Salamanders are a bit of a mixed bag in this regard. One idea regarding regeneration is that body part replacement has some things in common with asexual reproduction. Different modes of this type of development have names like parthenogenesis, gynogenesis, or hybridogenesis. We'll have to leave that for another day, other than to mention that among unisexual salamanders, the mtDNA has some peculiarities that may shed further light on these issues.
In wrapping up we should mention a handy term that has been previously applied to describe the syncytial sharing of organelles among cells. Variously called supracellularity or supercellularity, in a plant cell context the term aptly denotes the sharing of plastids and other essentials through plasmodesmata. We find a striking comparison in the etiology of glioblastomas where formation of a syncytium of tumors cells has been proven essential to survival of the cancer. Astride other recent studies showing protective donation of mitochondria from neurons to astrocytes, and vice-versa in disease or stroke we might anticipate a role for mitochondrial transfer in syncytial glioma networks as well.
Nerve dependence has long been described in animal regeneration, where the outgrowth of axons is necessary to the reconstitution of lost body parts and tissue remodeling in various species.

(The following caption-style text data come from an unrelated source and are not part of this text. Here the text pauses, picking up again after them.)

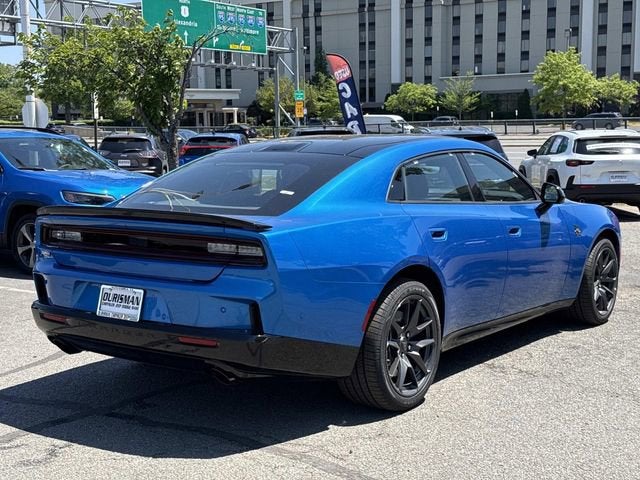 2026 Dodge Charger CHARGER SCAT PACK 4-DOOR AWD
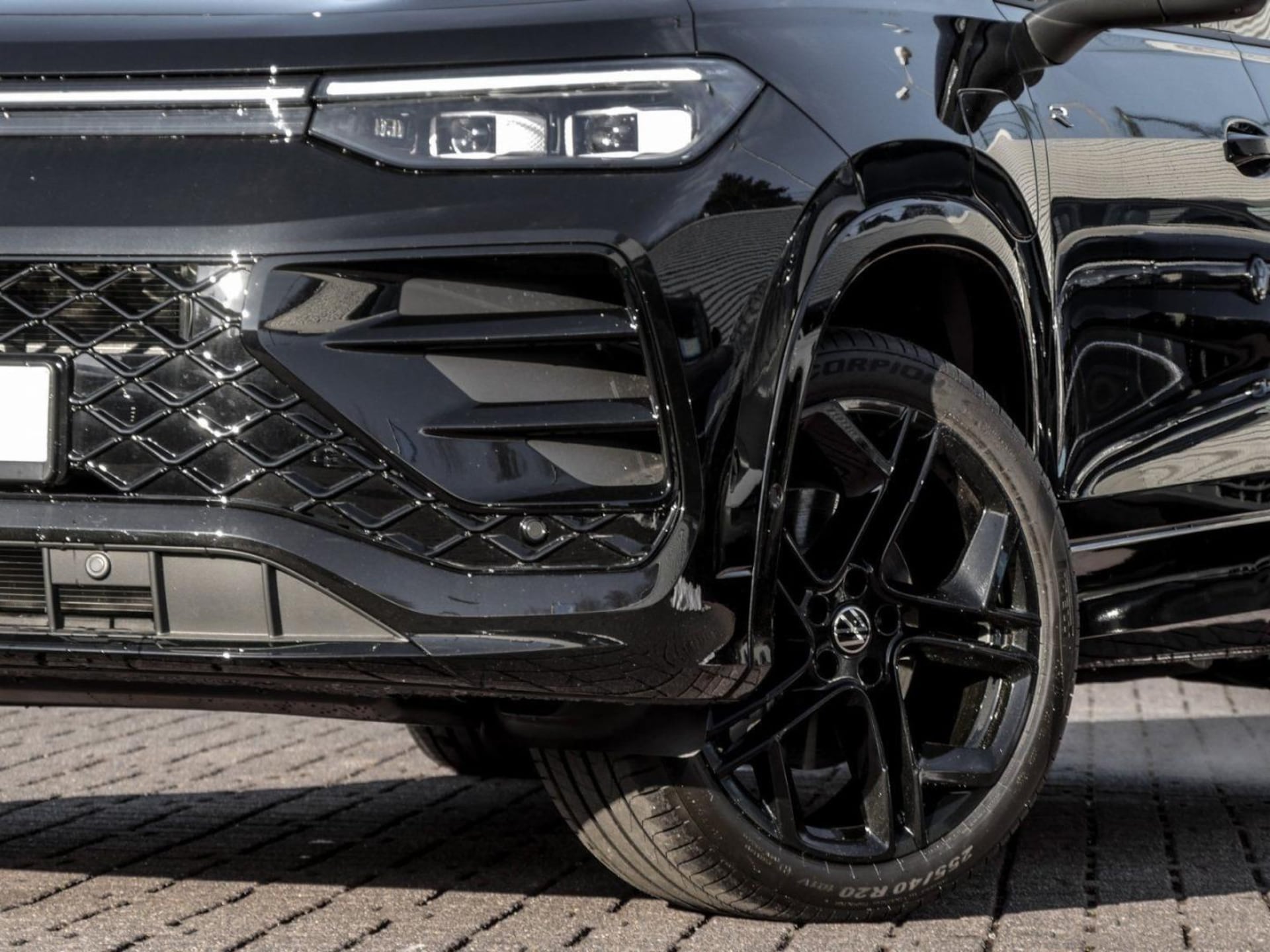 Volkswagen Tayron R-Line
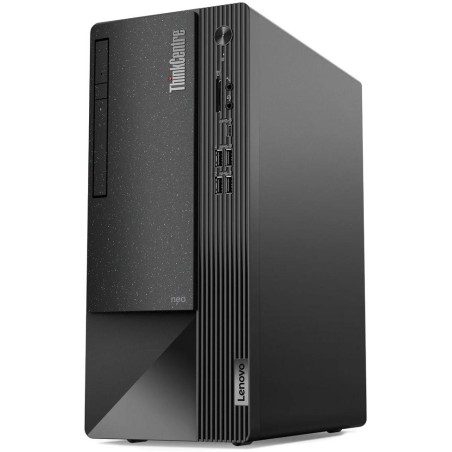 Lenovo ThinkCentre Neo 50t Gen 4/ TWR/ i7-13700/ 16GB DDR4/ 512GB SSD/ Intel UHD/ DVD-RW/ W11P/ kbd+myš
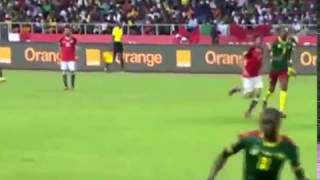 Egypt vs Cameroon can 2017 Goals and Highlights Final CAN 2017 [upl. by Jacobsen]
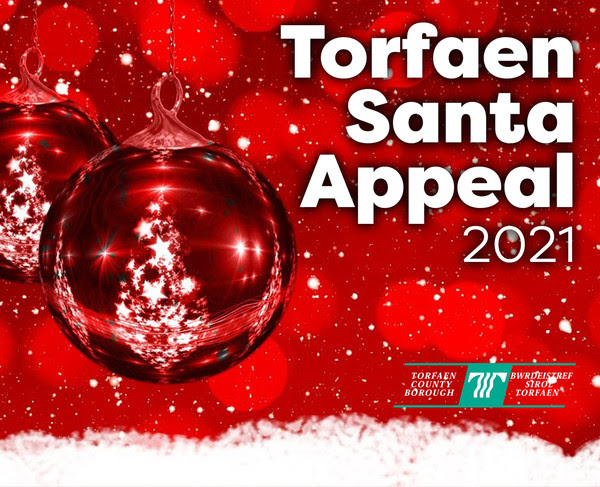 Santa appeal poster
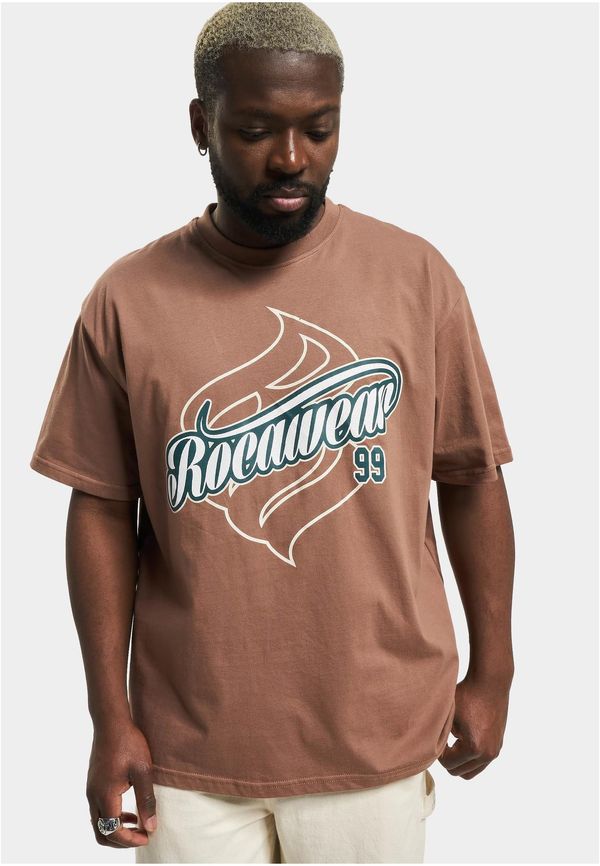 Rocawear Rocawear T-shirt Luisville brown
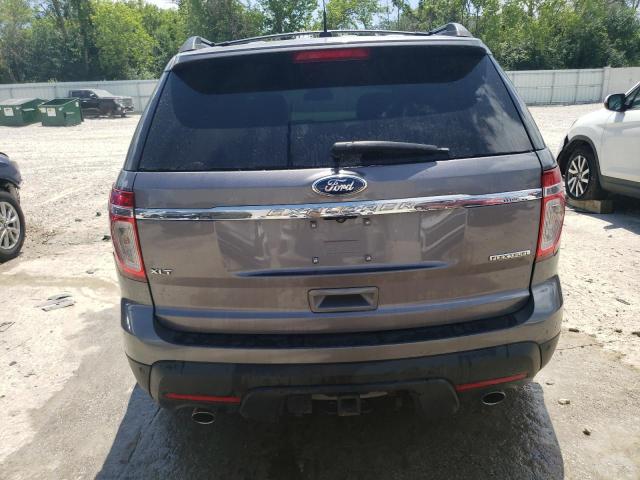 2014 Ford Explorer Xlt VIN: 1FM5K7D86EGA21101 Lot: 59649694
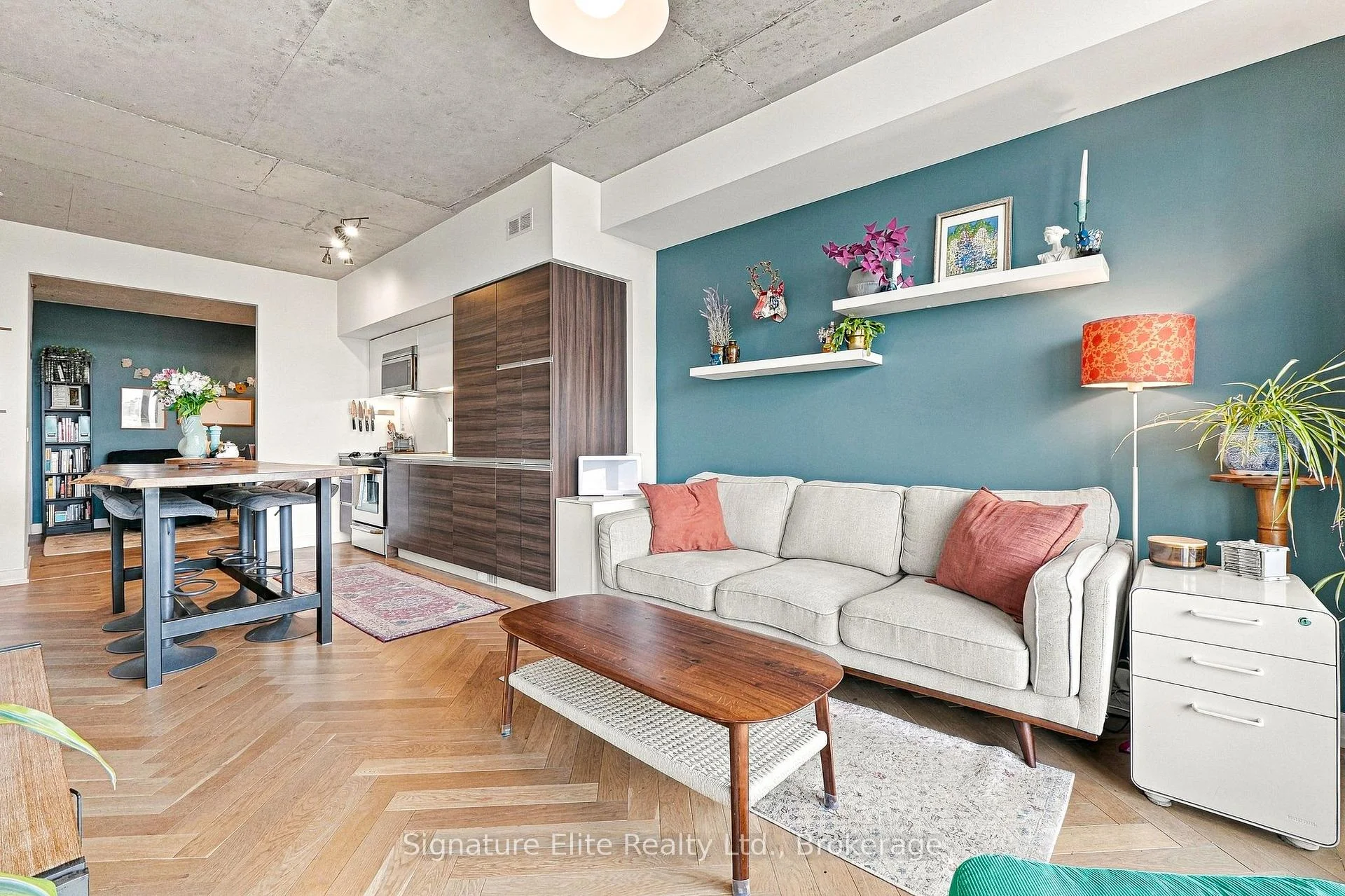 Photo 27 of Unit 1303, 20 Minowan Miikan Lane, Toronto, Little Portugal — HOMEH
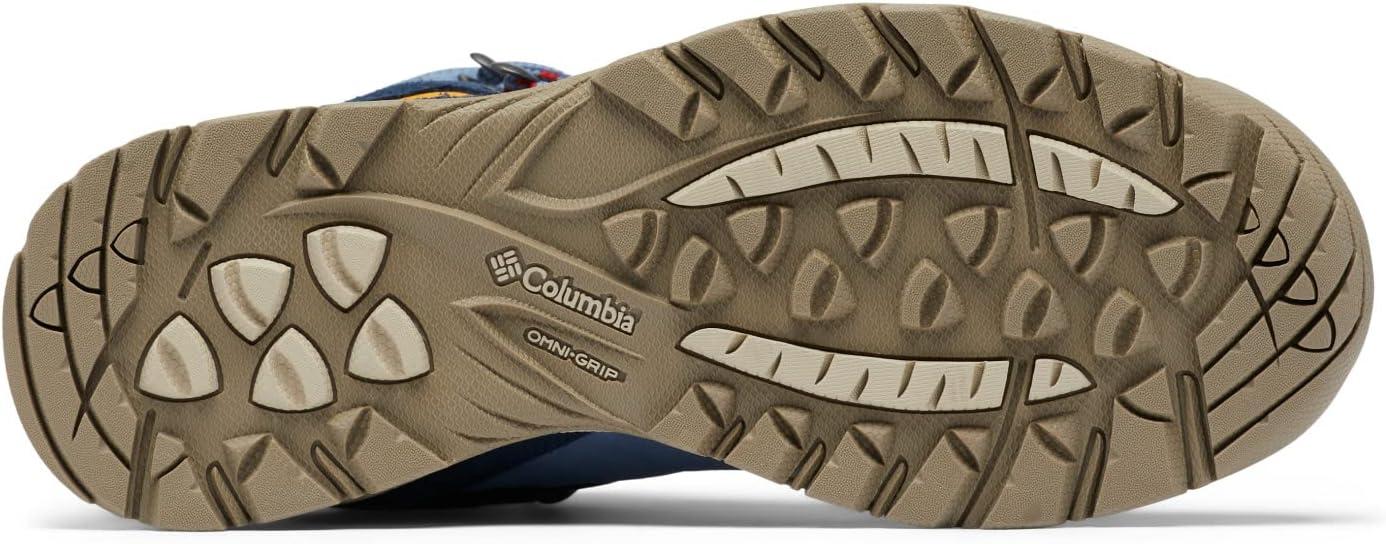 imageColumbia Womens Discontinued Newton Ridge Plus Waterproof AmpedBlue Dusk  Admiral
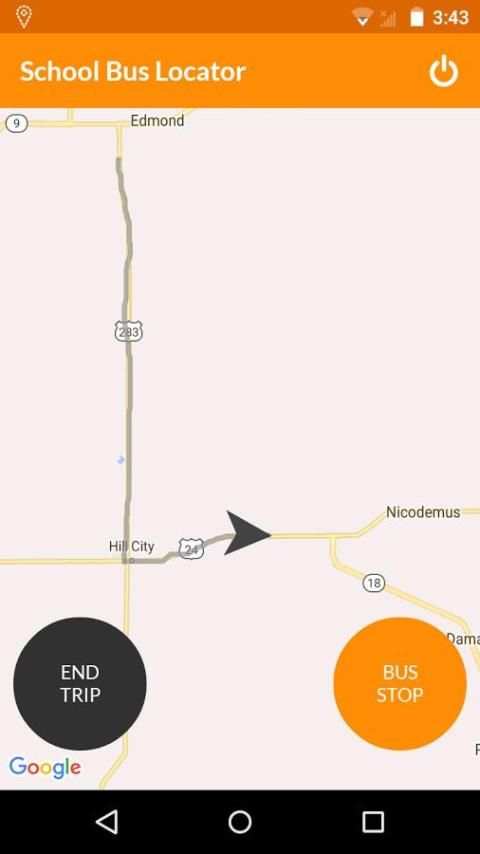 School Bus Locator screenshot 5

Recent discoveries have demonstrated that denervation can suppress tumor growth and metastasis, pointing to nerve dependence in cancer. Regeneration and cancer share similarities in regard to the stimulatory role of nerves, and there are indications that the stem cell compartment is a preferred target of innervation. Thus, the neurobiology of cancer is an emerging discipline that opens new perspectives in oncology.